Bref… Retour à Cancerland ! Ma petite marrante nous y ayant pris un abonnement pour tout le mois d’août, a jugé que cela ne suffisait pas – après tout, autant user de son 100% jusqu’au bout – et hop, c’est reparti pour le mois de septembre. Il faut dire que les couleurs de son hématome, ça donnait quand même un drôle d’arc en ciel, et je ne sais plus trop qui est le plus vert de gris des deux, entre moi et l’héma… Et je préfère dire hémamachin.

Allez, on ressort la carte vitale. Tiens, carte « vitale » ! Quel est le ou la crétin(e) qui a trouvé cette appellation contrôlée ! Comme si une carte pouvait être vitale ! Et une carte virale, ça existe ? Et les petits nounours, on leur a fourni une carte vitale pour qu’ils vivent longtemps ?
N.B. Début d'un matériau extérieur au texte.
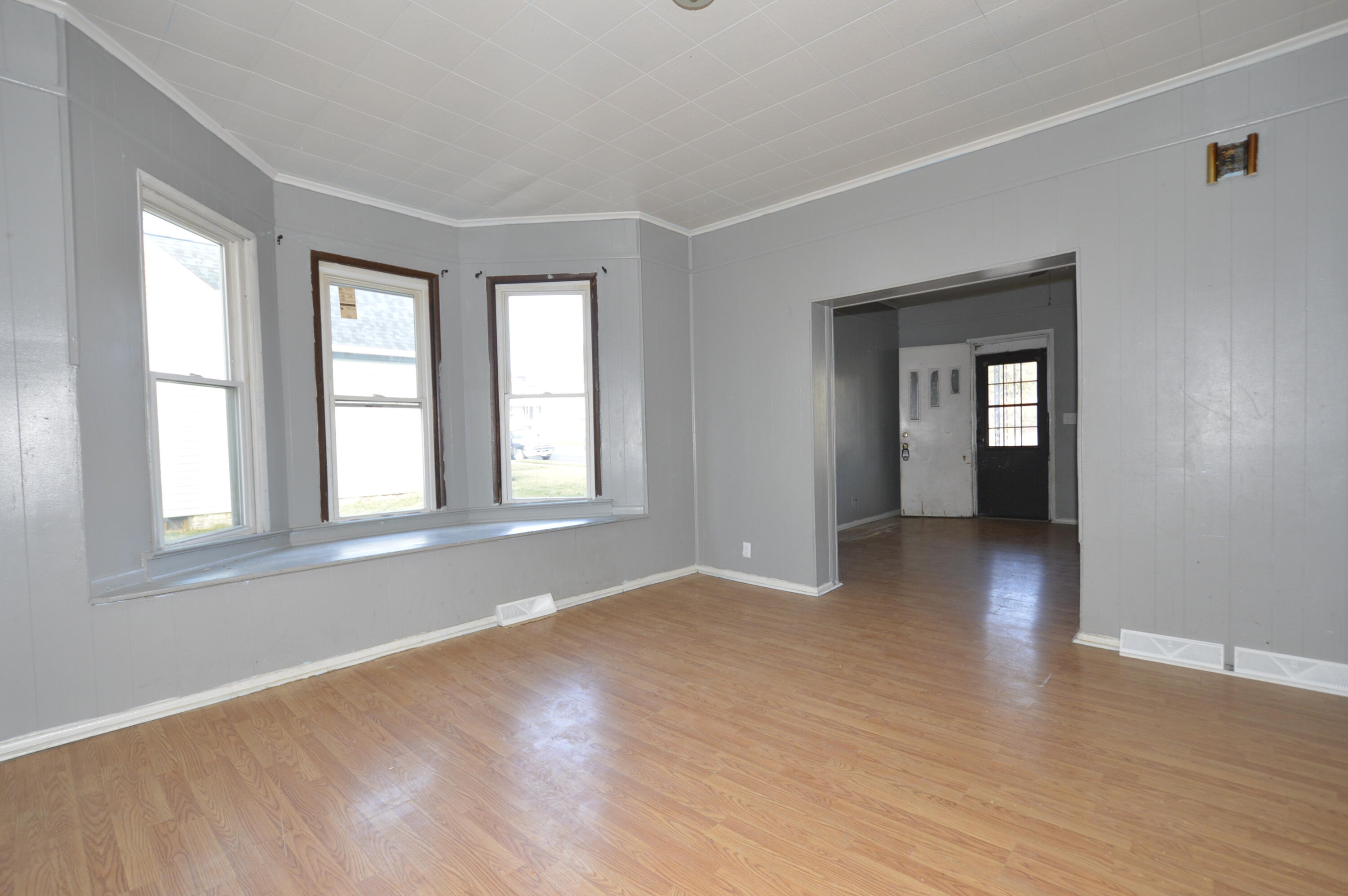 117 East Cecil Street Springfield, OH 45504 - Photo 8 of 27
Retour donc… Et à peine arrivés dans le hall d’accueil de Cancerland, passe une civière avec un homme, ou une femme – je ne sais pas trop – dont le visage est transformé en tumeur. Ce n’est pas un martien pourtant, mais moi si, peut-être, parce que je dois rivaliser en couleur avec l’hémamachin.

Puis attente, et après tout, un hall d’accueil, c’est aussi une salle d’attente. Et elle est longue cette attente, nous ne sommes pas seuls, septembre, c’est la rentrée, pour les cancéreux et cancéreuses aussi. Et vu la couleur de son hémachose, on se doute un peu qu’il va durer longtemps son soin, qu’il va falloir y aller aux petits soins…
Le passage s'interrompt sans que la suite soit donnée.